The Community Alliance is a political alliance set up by a group of pro-democratic grassroots activists and community workers, many of whom are the former members of the Democratic Party. Mainly based in New Territories East, the group consists of several local political groups including the Community Sha Tin and Concern Group for Tseung Kwan O People's Livelihood (CGPLTKO). Many of the members contested in the 2019 District Council elections under different banners.

==History==
The Community Alliance was set up in May 2019 for the 2019 District Council elections. It consists of more than 60 former Democratic Party members and another 20 pro-democracy advocates. Its convenor Ricky Or and two deputies Au Chun-wah and Ting Tsz-yuen, quit the Democratic Party in December 2018 due to the intra-party conflict. Since then, Ricky Or's Tseung Kwan O groups and Ting Tsz-yuen's Sha Tin groups operated under their own local groups of Concern Group for Tseung Kwan O People's Livelihood (CGPLTKO) and Community Sha Tin respectively.
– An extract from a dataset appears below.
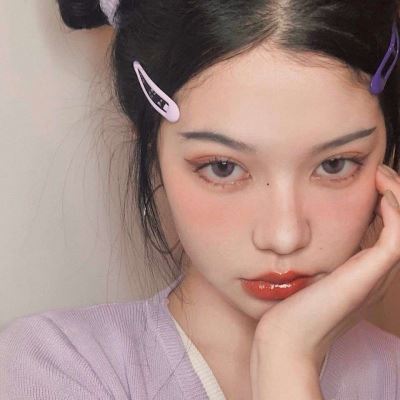 酷女孩头像 真人 酷女生头像真人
The group planned to field 28 candidates in the elections in November 2019. However, many of its candidates ran under different banners including CGPLTKO, Community Sha Tin, Power for Democracy democrats and independent democrats. All four candidates in Tai Po who associated themselves with the alliance were elected, making it the largest political group in the council with Neo Democrats which also won four seats of which all the elected seats were taken by the pro-democracy camp.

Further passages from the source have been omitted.